WORK TO BE COMPLETED: Starting at the line with "Innovations - 918-1W-AC-G194" and stopping at the final line, retype the data below exactly; do not carry over any pictures.

INFORMATION SUPPLIED:
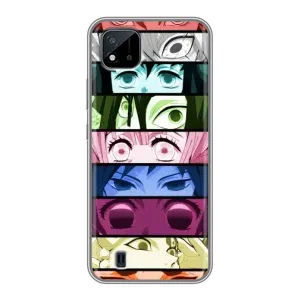 Силиконовые чехлы с глазами Anime для (Глаза Хашира)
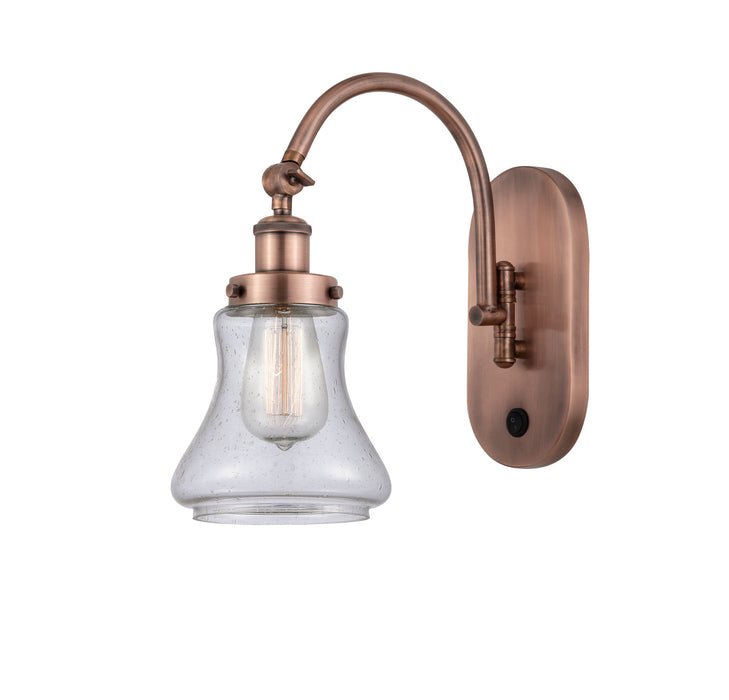 Innovations - 918-1W-AC-G194 - One Light Wall Sconce - Franklin Restoration - Antique Copper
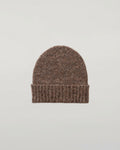 Cashmere Bouclé Brown Beanie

WRITTEN SOLUTION:
 Innovations - 918-1W-AC-G194 - One Light Wall Sconce - Franklin Restoration - Antique Copper
 Cashmere Bouclé Brown Beanie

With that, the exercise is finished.